Debt Management and Banking Manual

HM Revenue & Customs
, see all updates

Customer contact and data security: contact with third parties: what is a third party? - authorised and non-authorised.

A third party is anyone who wishes to speak on behalf of the customer about their tax affairs. For Debt Management there are two types of third parties; authorised and non-authorised.

Authorised third parties

Authorised third parties are people who have been given authority from the customer to speak about their tax affairs. The authority can be verbal or written.

Written authority

Usually the customer will give authority for us to speak to a nominated third party by writing in to us. The letter should be signed by the customer and should also give any limitations on what we can and can’t disclose to the third party.

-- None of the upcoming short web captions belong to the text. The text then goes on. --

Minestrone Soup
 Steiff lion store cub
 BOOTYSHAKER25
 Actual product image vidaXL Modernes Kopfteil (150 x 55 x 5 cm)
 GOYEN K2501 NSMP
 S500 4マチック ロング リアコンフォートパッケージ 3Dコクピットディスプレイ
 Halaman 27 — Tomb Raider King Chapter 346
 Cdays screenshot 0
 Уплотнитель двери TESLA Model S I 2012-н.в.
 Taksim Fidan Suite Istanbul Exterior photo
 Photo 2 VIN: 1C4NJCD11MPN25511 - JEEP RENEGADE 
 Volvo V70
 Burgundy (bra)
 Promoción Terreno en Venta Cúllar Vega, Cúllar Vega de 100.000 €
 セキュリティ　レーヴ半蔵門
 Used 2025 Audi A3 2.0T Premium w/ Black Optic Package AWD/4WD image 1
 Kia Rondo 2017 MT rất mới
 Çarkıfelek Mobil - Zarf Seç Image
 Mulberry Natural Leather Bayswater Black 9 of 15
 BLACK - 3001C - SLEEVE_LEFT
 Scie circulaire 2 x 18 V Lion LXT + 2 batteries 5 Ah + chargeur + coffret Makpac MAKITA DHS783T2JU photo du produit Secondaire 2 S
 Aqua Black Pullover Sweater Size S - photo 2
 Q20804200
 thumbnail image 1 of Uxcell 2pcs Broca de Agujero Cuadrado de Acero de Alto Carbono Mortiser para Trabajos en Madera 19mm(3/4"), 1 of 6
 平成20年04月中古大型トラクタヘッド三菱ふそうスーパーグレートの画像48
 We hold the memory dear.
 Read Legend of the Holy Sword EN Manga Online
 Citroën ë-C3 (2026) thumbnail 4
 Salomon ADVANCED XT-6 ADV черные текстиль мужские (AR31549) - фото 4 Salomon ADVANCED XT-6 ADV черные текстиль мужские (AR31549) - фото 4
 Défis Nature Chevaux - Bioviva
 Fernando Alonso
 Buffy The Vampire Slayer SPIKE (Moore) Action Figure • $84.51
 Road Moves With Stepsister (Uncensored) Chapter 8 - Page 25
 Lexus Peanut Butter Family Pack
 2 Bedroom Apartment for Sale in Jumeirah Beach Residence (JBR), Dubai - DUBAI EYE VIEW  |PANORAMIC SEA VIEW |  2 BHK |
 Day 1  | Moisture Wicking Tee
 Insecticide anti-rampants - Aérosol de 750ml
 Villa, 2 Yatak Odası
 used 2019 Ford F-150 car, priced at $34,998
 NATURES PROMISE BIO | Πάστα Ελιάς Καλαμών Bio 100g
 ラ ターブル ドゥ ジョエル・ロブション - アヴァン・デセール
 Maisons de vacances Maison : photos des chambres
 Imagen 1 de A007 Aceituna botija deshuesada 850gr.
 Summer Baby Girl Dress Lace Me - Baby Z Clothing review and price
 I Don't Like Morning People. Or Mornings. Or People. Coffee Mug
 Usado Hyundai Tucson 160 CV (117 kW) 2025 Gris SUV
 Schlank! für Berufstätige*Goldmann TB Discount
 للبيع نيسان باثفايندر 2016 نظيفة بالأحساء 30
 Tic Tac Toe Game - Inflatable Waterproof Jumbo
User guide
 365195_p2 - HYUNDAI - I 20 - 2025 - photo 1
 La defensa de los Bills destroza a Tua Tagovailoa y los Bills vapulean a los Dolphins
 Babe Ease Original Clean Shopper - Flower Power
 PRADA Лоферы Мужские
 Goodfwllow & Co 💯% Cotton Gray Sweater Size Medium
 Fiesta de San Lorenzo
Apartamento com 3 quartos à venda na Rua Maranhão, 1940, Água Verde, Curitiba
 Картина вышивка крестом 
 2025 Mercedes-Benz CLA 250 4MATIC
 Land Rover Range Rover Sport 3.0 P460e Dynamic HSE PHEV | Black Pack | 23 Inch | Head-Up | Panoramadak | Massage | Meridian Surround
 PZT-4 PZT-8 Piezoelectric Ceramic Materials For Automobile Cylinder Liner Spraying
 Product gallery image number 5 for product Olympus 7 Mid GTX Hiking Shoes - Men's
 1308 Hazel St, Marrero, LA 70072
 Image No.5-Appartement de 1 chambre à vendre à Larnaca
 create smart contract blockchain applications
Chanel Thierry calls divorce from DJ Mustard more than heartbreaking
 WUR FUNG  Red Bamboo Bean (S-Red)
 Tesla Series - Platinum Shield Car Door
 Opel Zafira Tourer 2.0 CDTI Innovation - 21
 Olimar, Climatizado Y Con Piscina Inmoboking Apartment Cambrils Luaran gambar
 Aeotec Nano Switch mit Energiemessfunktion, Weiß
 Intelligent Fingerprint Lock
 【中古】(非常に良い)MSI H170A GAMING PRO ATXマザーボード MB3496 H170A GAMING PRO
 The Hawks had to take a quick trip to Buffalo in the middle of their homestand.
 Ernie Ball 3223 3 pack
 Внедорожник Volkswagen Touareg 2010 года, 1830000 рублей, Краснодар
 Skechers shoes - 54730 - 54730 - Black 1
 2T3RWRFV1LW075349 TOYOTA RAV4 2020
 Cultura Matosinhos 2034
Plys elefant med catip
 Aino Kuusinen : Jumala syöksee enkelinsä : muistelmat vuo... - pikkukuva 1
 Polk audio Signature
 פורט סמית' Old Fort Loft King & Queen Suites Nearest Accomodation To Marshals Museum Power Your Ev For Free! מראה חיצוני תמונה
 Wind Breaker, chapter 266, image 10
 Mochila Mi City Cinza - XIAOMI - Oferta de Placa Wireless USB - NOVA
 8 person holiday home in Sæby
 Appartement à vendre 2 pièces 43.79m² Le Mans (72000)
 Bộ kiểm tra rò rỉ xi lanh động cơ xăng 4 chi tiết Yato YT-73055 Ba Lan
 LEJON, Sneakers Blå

You should record receipt of such a letter on the permanent notes facility on IDMS stating:

  • who the letter is from
  • who the authority is for and their relationship with the customer
  • the date the letter was received
  • the head of duty which is covered by this authority
  • any limitations on what we can discuss or any time limits.

If the authority relates to more than one head of duty, IDMS Notes and Assets should be updated for each head of duty stated in the letter of authority.

If the third party is an accountant or agent the written authority will usually be obtained through a 64-8 which will be noted on the record.

For further guidance on authority in writing, see DMBM511210.

Verbal authority

Debt Management have the ability to accept verbal consent for a one off telephone conversation with a third party in any of its offices.

The customer must have firstly:

  • passed all verification checks
  • told us who the authority is for
  • their relationship with that person
  • any time limits or limitations on what we can discuss.

You should always advise the customer that if they would like to make this a more permanent arrangement then they should send us a signed letter giving the authority covering the above list under written authority.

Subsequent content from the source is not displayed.